WORK INSTRUCTION –
All of the listing, from first line to last, should be output exactly; the pictures stay out.

DATA SHOWN –

● ● ●

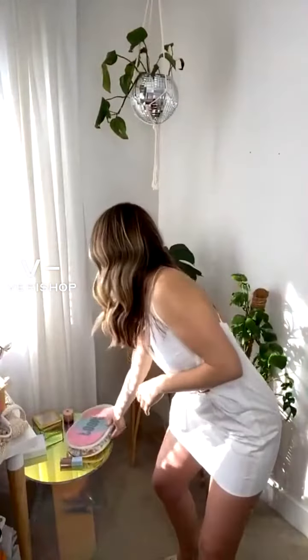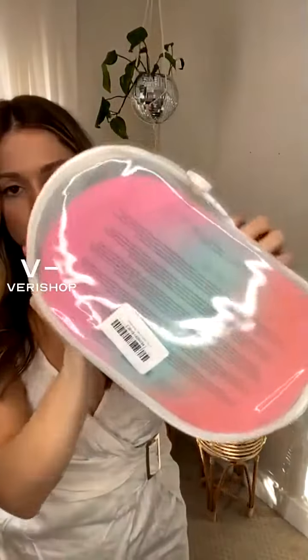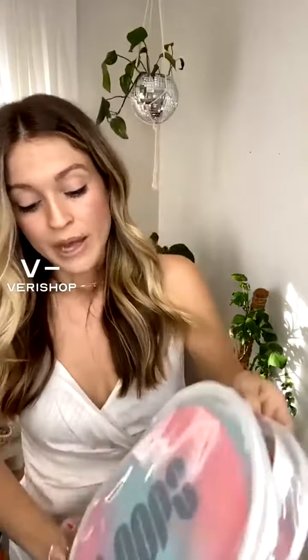So the starter pack, first of all, it comes in a different packaging. It's this cute, reusable zipper bag, which I'll probably use. I'll probably take out the mask and put, like, travel stuff in there because my travel bags get so damaged so quickly. But super cute, reusable bag.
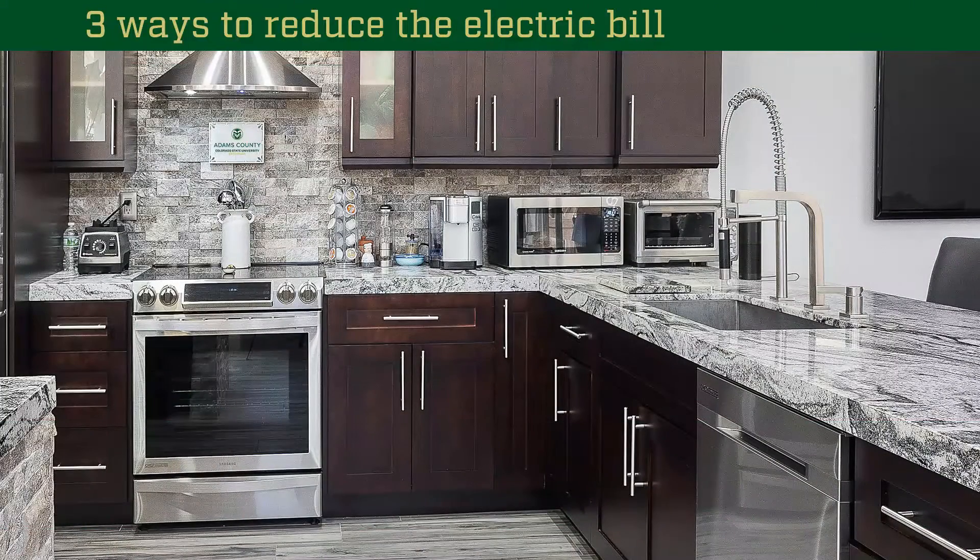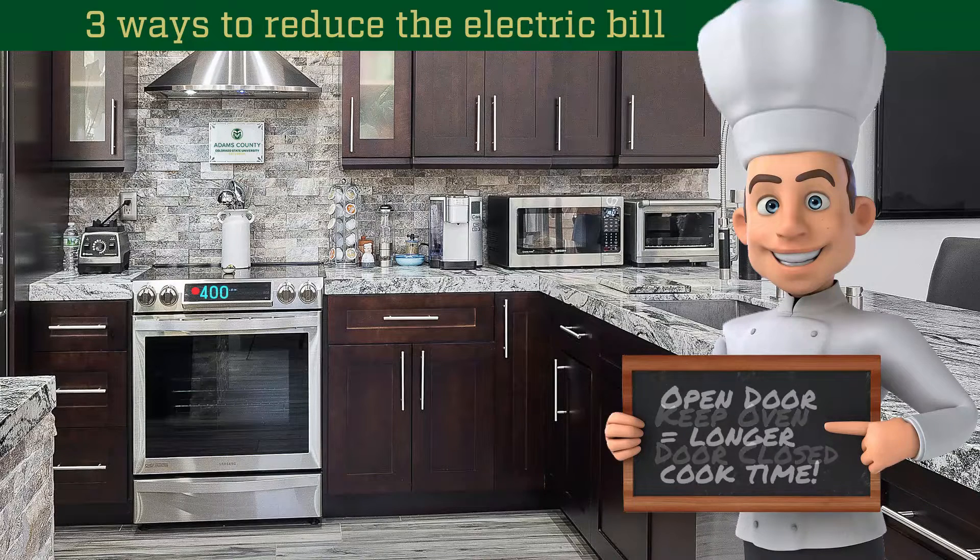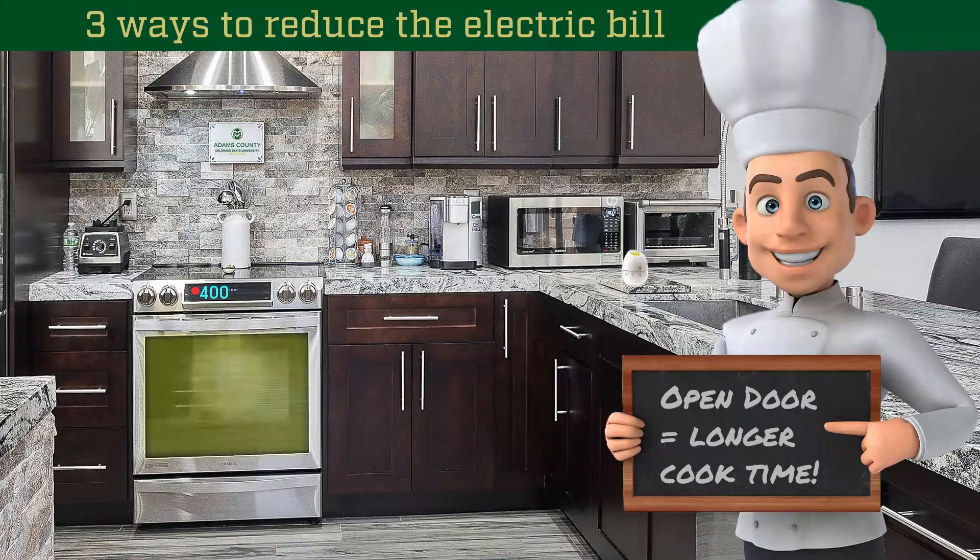Three ways to reduce the electric bill in the kitchen. When baking or cooking in the oven, keep that door closed. Every time you open the oven door, the temperature can drop 25 degrees, increasing cooking time. Avoid wasting energy by using a timer or the oven light to check on your food.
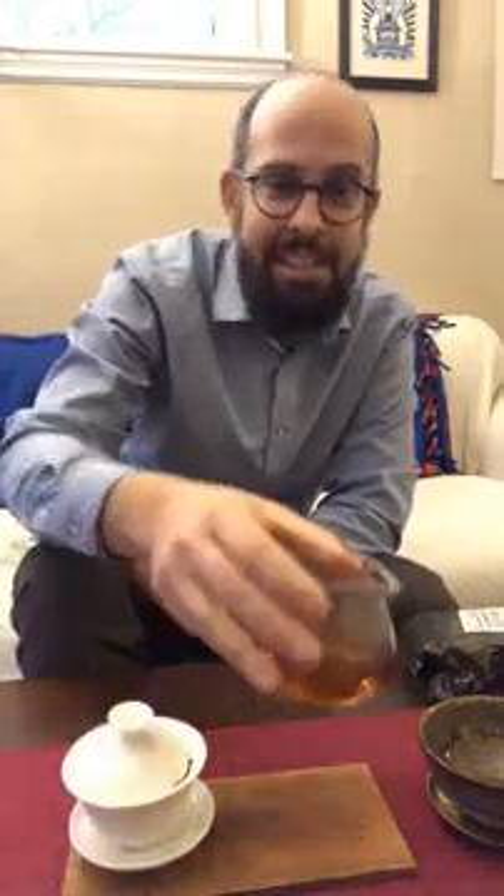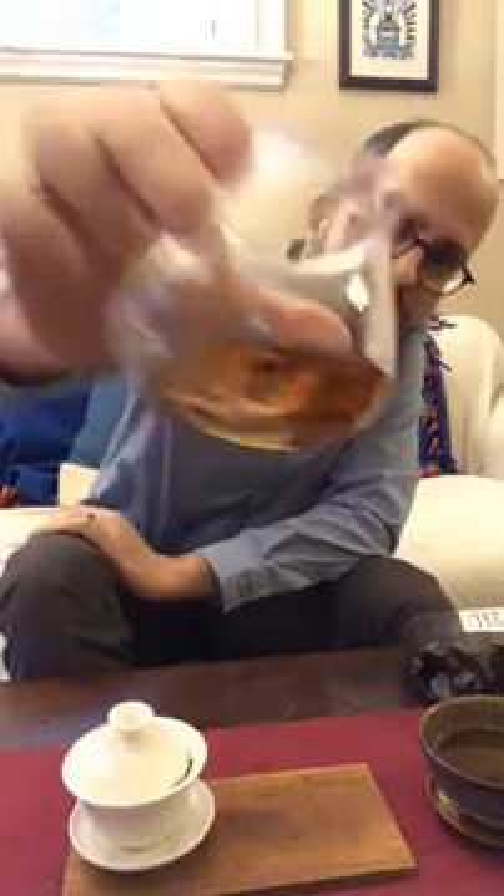Let's give this second infusion a try — it's a little bit darker, I let it go longer. It smells more like it tastes this time, if that makes any sense. It's good — it's not black tea but it's pretty satisfying and fairly close to a light malty black tea. The aroma is really nice; that's my favorite part of it.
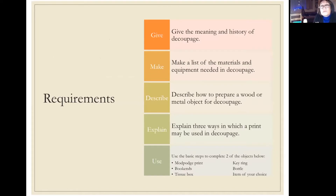The requirements for this badge are: you need to be able to tell the meaning and history of decoupage, make a list of the materials and equipment needed, describe how to prepare wood or a metal object, explain three ways in which print can be used in decoupage, and then make two projects from a list of different options. We're going to give you some inspiration and ideas, but I'm sure you'll be able to come up with other things.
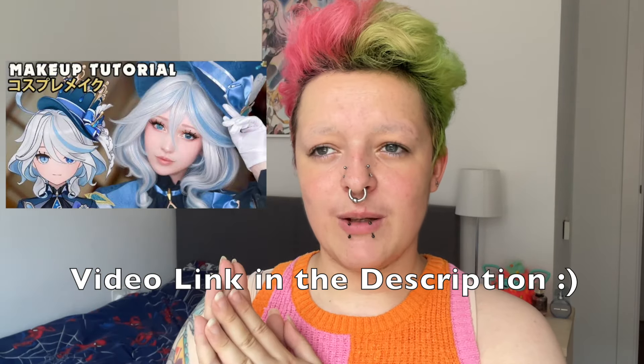Before I start rambling, I'm going to get into this video. I'm going to be using a tutorial made by Kleiner Pixel because they very much do the quintessential style I'm thinking of. I'm going to follow that tutorial and make it a little bit more pink because I want to do my Pinkie Pie cosplay today. I'm going to start out with my primer.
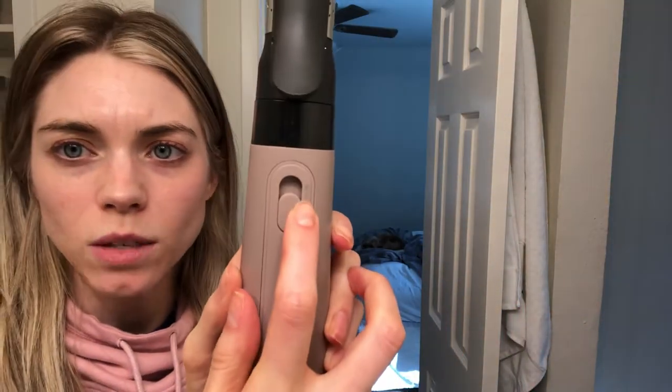All you do is twist it on and lock it. It has a clamp, a cool setting, a one, and a two. The directions say you wrap it around your hair, turn it on to one or two, then shoot it with cold. I'm pretty sure that's exactly how the Dyson one works.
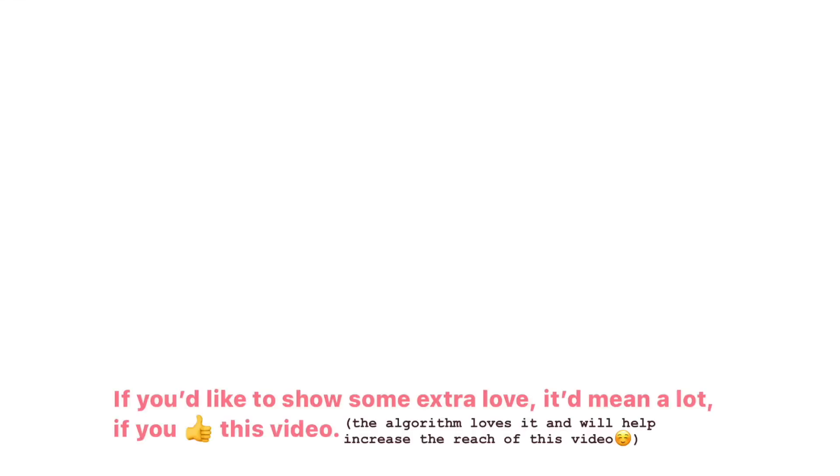For now, this is it. Thanks for stopping by and I'll see you soon in my next video. Bye! I make videos on topics like sustainability and slow fashion, so if that sounds like your jam, please consider subscribing.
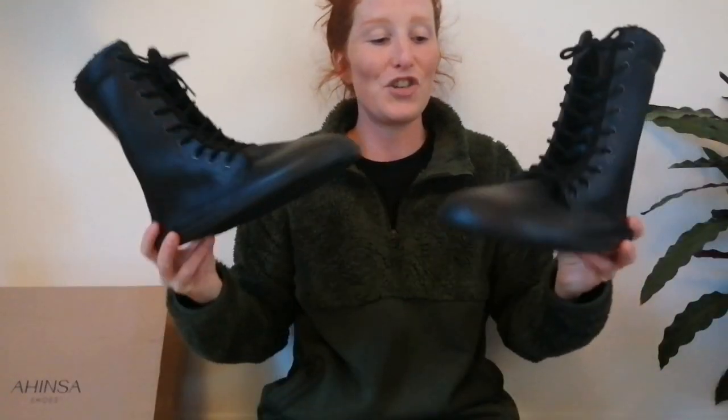In today's video, I'm going to be reviewing my first ever brand new pair of barefoot shoes, unlike my current collection which have all been secondhand or refurbished, and that is the Ahinza Jaya Winter Zip Up All Black Boots.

● ● ●

OUTPUT OF THE TASK –
So the starter pack, first of all, it comes in a different packaging. It's this cute, reusable zipper bag, which I'll probably use. I'll probably take out the mask and put, like, travel stuff in there because my travel bags get so damaged so quickly. But super cute, reusable bag.
Three ways to reduce the electric bill in the kitchen. When baking or cooking in the oven, keep that door closed. Every time you open the oven door, the temperature can drop 25 degrees, increasing cooking time. Avoid wasting energy by using a timer or the oven light to check on your food.
Let's give this second infusion a try — it's a little bit darker, I let it go longer. It smells more like it tastes this time, if that makes any sense. It's good — it's not black tea but it's pretty satisfying and fairly close to a light malty black tea. The aroma is really nice; that's my favorite part of it.
The requirements for this badge are: you need to be able to tell the meaning and history of decoupage, make a list of the materials and equipment needed, describe how to prepare wood or a metal object, explain three ways in which print can be used in decoupage, and then make two projects from a list of different options. We're going to give you some inspiration and ideas, but I'm sure you'll be able to come up with other things.
Before I start rambling, I'm going to get into this video. I'm going to be using a tutorial made by Kleiner Pixel because they very much do the quintessential style I'm thinking of. I'm going to follow that tutorial and make it a little bit more pink because I want to do my Pinkie Pie cosplay today. I'm going to start out with my primer.
All you do is twist it on and lock it. It has a clamp, a cool setting, a one, and a two. The directions say you wrap it around your hair, turn it on to one or two, then shoot it with cold. I'm pretty sure that's exactly how the Dyson one works.
For now, this is it. Thanks for stopping by and I'll see you soon in my next video. Bye! I make videos on topics like sustainability and slow fashion, so if that sounds like your jam, please consider subscribing.
In today's video, I'm going to be reviewing my first ever brand new pair of barefoot shoes, unlike my current collection which have all been secondhand or refurbished, and that is the Ahinza Jaya Winter Zip Up All Black Boots.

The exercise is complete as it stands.